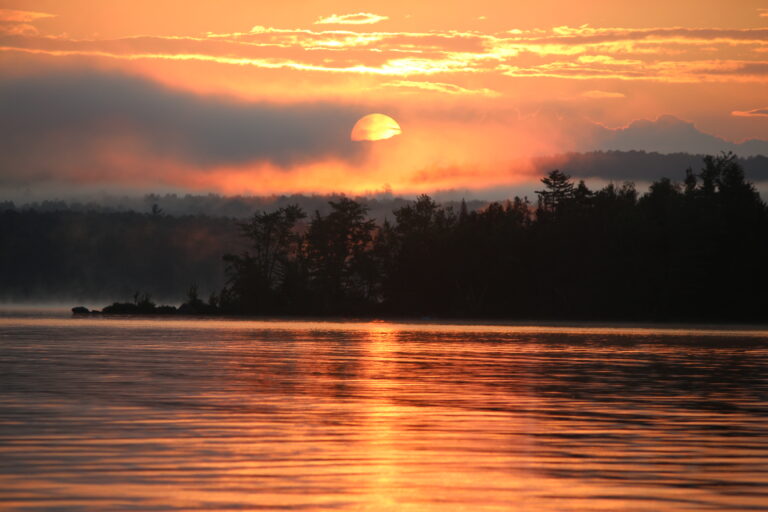 Golden sunrise with drifting mist over Lake Umbagog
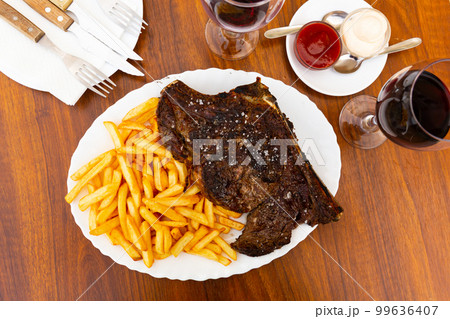 Grilled beef meat with fried potato for dinner 99636407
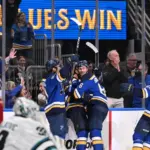 Blues on the ice celebrating the overtime winning goal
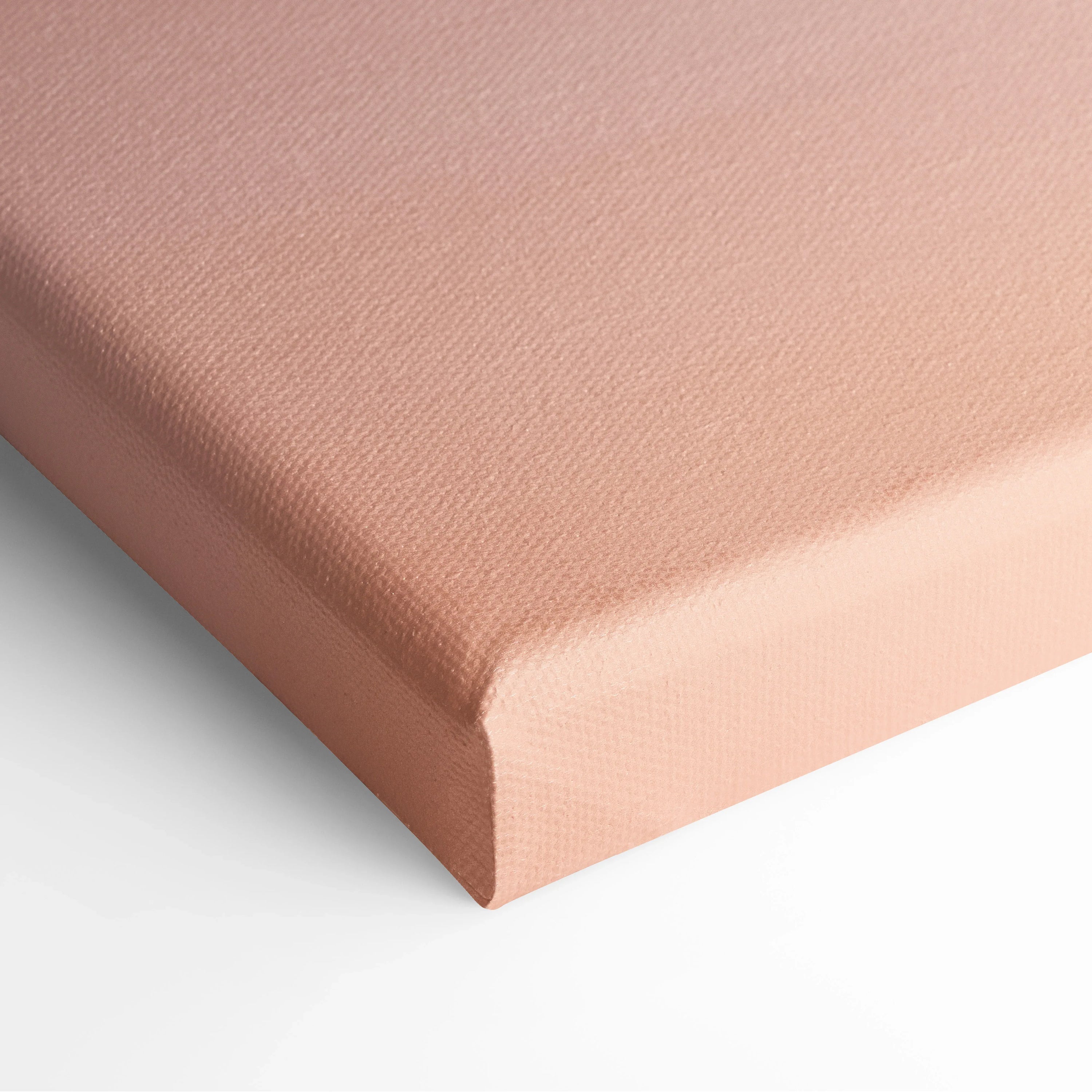 Close-up of peach-colored canvas corner showcasing texture and stretched edges for wall art decor.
* * *
* Problem statement: In your copy of the listing, please omit the pictures and keep every word exact.

* Result for this task:
 Golden sunrise with drifting mist over Lake Umbagog
 Grilled beef meat with fried potato for dinner 99636407
 Blues on the ice celebrating the overtime winning goal
 Close-up of peach-colored canvas corner showcasing texture and stretched edges for wall art decor.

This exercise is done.